Okay, so now we're going to look at doing a cross-section. To do a cross-section we're visualising what the shape of the land would be just straight from our topographic map. So if we have a look at this topographic map, which is of Perisher Valley, is the vicinity of Little Thredboe River.
Now, we could do a cross-section from Pendley Gap over to Bull Creek and we would be looking at how each of these contour lines, we would represent each of these contour lines onto our topographic cross section. Now that's what you need. to do as part of one of your exercises.
I'm not going to do it now because it would just take forever and it's not great using a big thick pen. So I've simplified it by using a pre-made diagram, like so. So here we have a simplified diagram showing some contour lines. So here we have a spot height of 476 metres. We've read off the map that the contour interval is 10 metres and we've got one other contour line marked with its elevation.
So just double checking that so it's 476. We're obviously going down the hill that would be 470, that would be 460, 450, 440. This one over here would be 430 because we know it goes down. We're looking at the whole landscape and double checking as we go along. long, they could go up again like this one.
470, 460, now that's 450, that must be 460, so we've got a bit of a flat area between two hills. Alright, so just make sure you understand your elevations and what each of the contour lines mean. It can get quite difficult, especially in mountainous areas, you need to be very careful. Okay, to do a cross-section you take another piece of piece of paper, any piece of paper with a flat edge. We're going to do our cross section from point A to point B over there.
We take our piece of paper, just makes it thankfully, and Wherever we intersect a contour line, we put a mark on our piece of paper. There's a mark there, a mark there, a mark there, a mark there, one there, one there, one there, one there and one there. We then need to make sure we know which of those contour lines are represented by those marks. So this one over here is 440, this one here is 450, you know that's 460, that's the same one so that's 460. we're going up that's 470 that's the same one that's 470 and we're coming down 60 50 460 450 and 440 okay so once we have done done that we can get rid of our map and we take another piece of paper or ideally what you would want to have is graph paper that works really well but we'll do our own graph This is just easier to see.
So we take our X axis along there and we make a Y axis. Now the scale along the along the bottom is going to be the scale of our map, which in this case, just made it up, but let's say it's 1 to 25,000. So that would be one centimetre equals what?
25,000 centimetres. Or one centimetre equals 250 metres, which is fine. That's the scale we're going to use as we go along across the landscape. But if we use the same scale for our y-axis as one centimetre equaling 250 metres, so we have one centimetre there.
Now if we said that was meters, the range of elevations of our topographic map only go from 470 to 440. So we would have a very flat representation of the elevation and wouldn't really show us ...very much. So we need to exaggerate the vertical scale.
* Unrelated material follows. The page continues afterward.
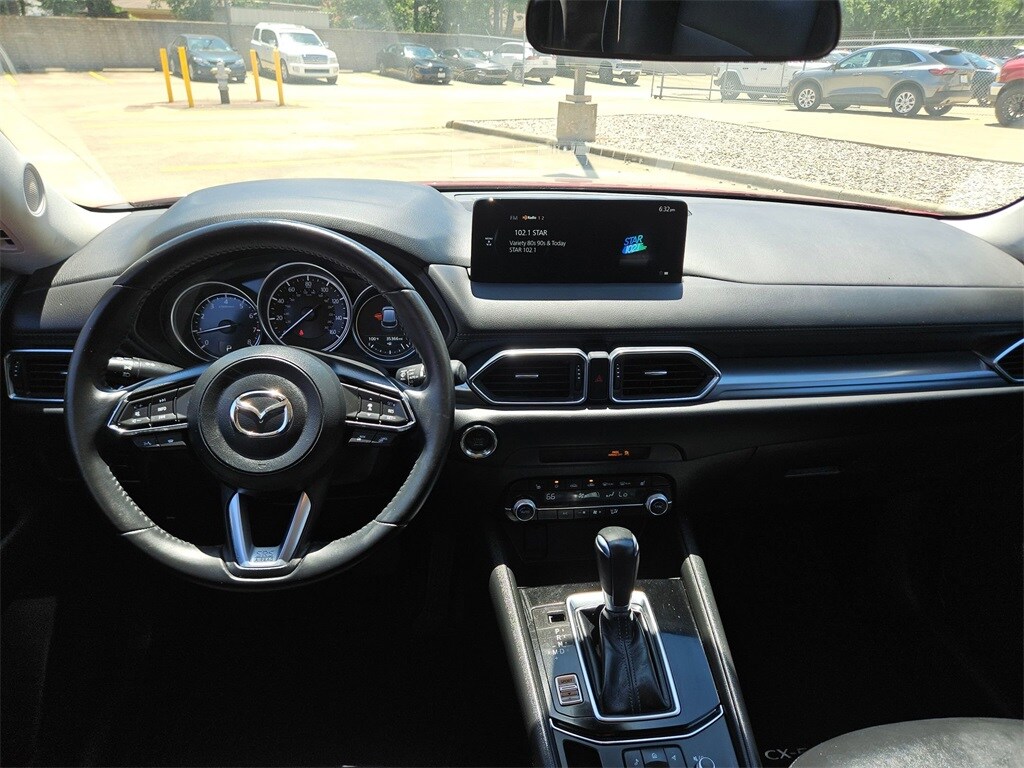 Thumbnail: 2024 Mazda CX-5 - 25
Now you can pick the vertical scale of whatever you like, trial and error, to try and get the best representation of the of the topography on your diagram.
Now I think you're asked to do a couple of different vertical exaggerations in the exercises but really what you should be doing if you're doing this to really see the elevations to try and work out which one suits your topography best perhaps a shallower one a smaller one where it's very hilly and a bigger one if it's flatter, just to exaggerate the topography. I'm going to use a vertical exaggeration of, I'm going to pick one, let's say a vertical exaggeration of 5. So it needs to be 5 times bigger, the vertical scale, than the horizontal scale. So if our horizontal scale is 1 to 25,000, what would be 5 times bigger?
Not 25,000 times 5. Remember? remember right back, you do it the other way, because you want a larger scale. So you would divide 25,000 by five, so it's one to 5,000, okay? So your vertical scale would be one to 5,000, that's a larger scale, and you've exaggerated it.
So in that case, with a vertical scale of one to 5,000, then that's one centimeter equals 50 meters. And that should work relatively well. Is it going to work well? One centimetre equals 50 metres. Let's have a look.
Let's mark on the map our scale. 2, 3, 4, 5, 6, 9, 10. So then this would be 50. 100, 200, 300, 400 and 500. And to plot our cross section, oops, it's not quite long enough, make sure you don't fall into that trap. You then plot on your topographic cross-section the elevation at each of your tick marks.
So here we have 440, so that would be there. Then we have 450, okay, at that tick mark. You can use a ruler. This is where graph paper comes in handy. Okay, so 450 is about there.
Move that along there. 460, just doing it by eye for the sake of speed. 460, then... 460, it's not quite right is it? Anyway, 470, 470, should have used graph paper, 460 and 450 and then we would draw a line to show our cross-section and quite honestly that's not a very good topographic cross-section because our vertical exaggeration wasn't chosen well.
To get that, to be able to see much more of the topography you would have to examine the topography. exaggerate that vertical scale even more. And I'll let you do that with your topographic map.
I think you get the idea of what's required. I don't need to do that again. All right, so vertical exaggeration is important to get that right. Okay.